Assess your Risk Tolerance

According to experts, risk and reward always go hand in hand. That means, if there is no pain then there is no gain. Every investment is subjected to a certain degree of risk. Generally, higher the risk, higher is the potential return. If you have a long term financial goal, you are likely to get more potential return by carefully investing in asset classes of high risk like stocks and equity funds rather than restricting your investments to less risky assets. Risk tolerance can be assessed with the help of questionnaire tools available online. Knowing your risk appetite helps you choose the proper mix of asset classes. 

Determine your Financial Goals

Setting a financial goal is a crucial part of financial planning. Figure out your priorities and understand your investment objectives before you draw a plan. Think about your children’s education, marriage and your retirement life. Consider your future plans such as buying a property or a new house, starting up new business etc. Keeping your age and risk appetite in mind, fix up a time frame and value target for each goal. Prioritize your goals and start saving accordingly. 

Understand Investment Products

Once you are clear about your financial goals, next key step is to choose the right investment product. To make it work for you, you need to have clear understanding of the particular investment product. Being familiar with the intricacies of the products will help you achieve higher profitability along with accomplishing your objective. For instance, if you are looking for both life cover and potential return on investment, you can opt for ULIP (unit linked insurance plans). However, if you are looking for pure insurance plan, you can go ahead with a simple term insurance plan, which can cost you much lower. When you understand the product, you can make the right choice based on your need and risk appetite. 

Apply Diversification

Do not put all your eggs in one basket and if you have only one egg, find the safest basket within your reach to put it in. Spread your investments into various asset classes specially the ones that are not correlated. Diversifying the investment portfolio helps you strike a balance between risk and return.
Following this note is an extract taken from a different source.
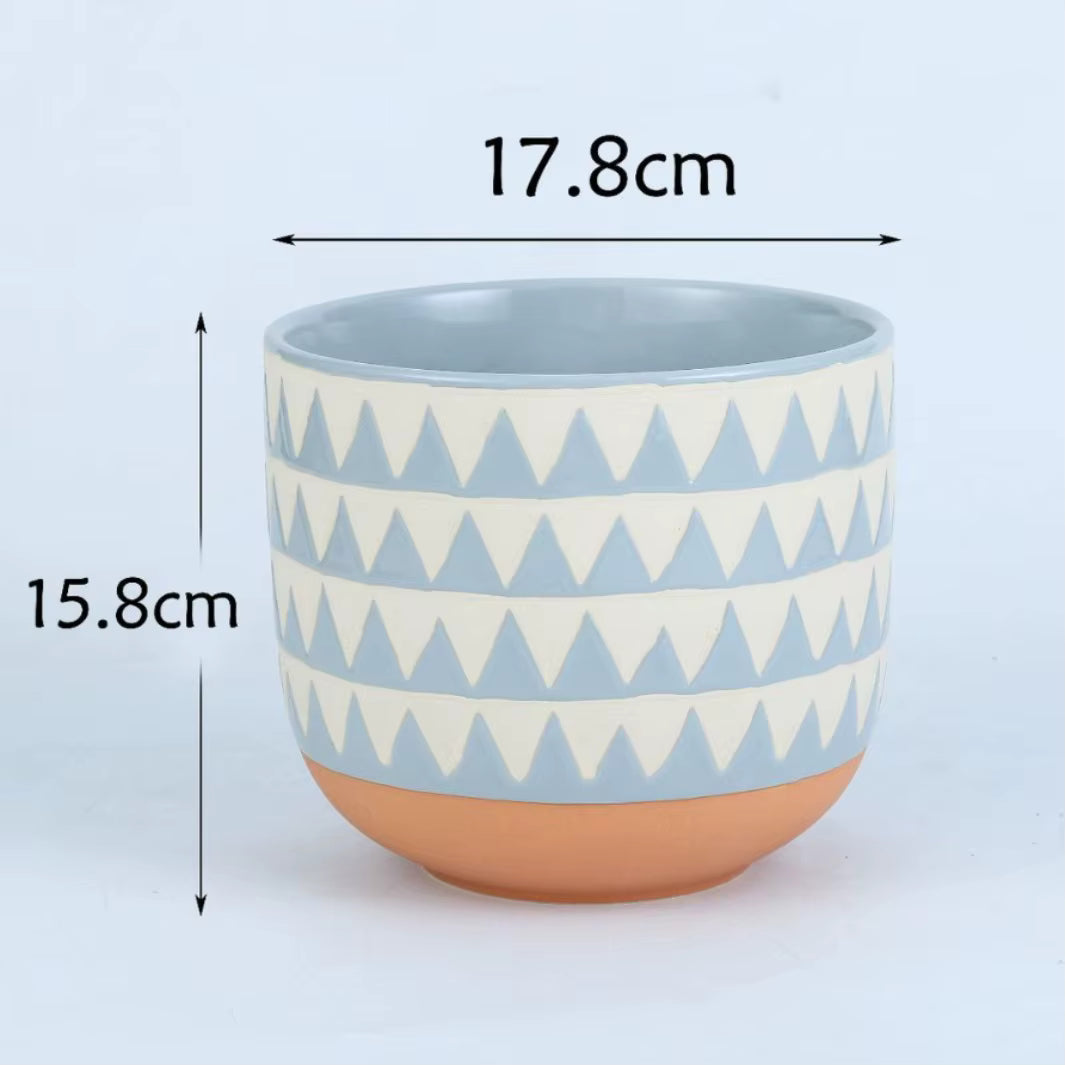 Ceramic cup with geometric pattern and measurements on a light blue background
Have a proper mix of various investment instruments such as direct equity, mutual funds, bank deposits, bonds, Gold ETFs etc. based on your risk taking ability, investment time frame and the value requirement. Following your investment strategy is the key!

Consider Tax Implications

With the variety of tax sheltered and non-tax sheltered alternatives available today there are ample opportunities to create an investment plan to minimize taxes. Think about how this investment fits into your tax strategy.

 

The Bottom Line

Draw a financial roadmap, set your goals and choose the right mix of investments to achieve them. Consider your risk taking ability, return expectation and liquidity requirements before you get started!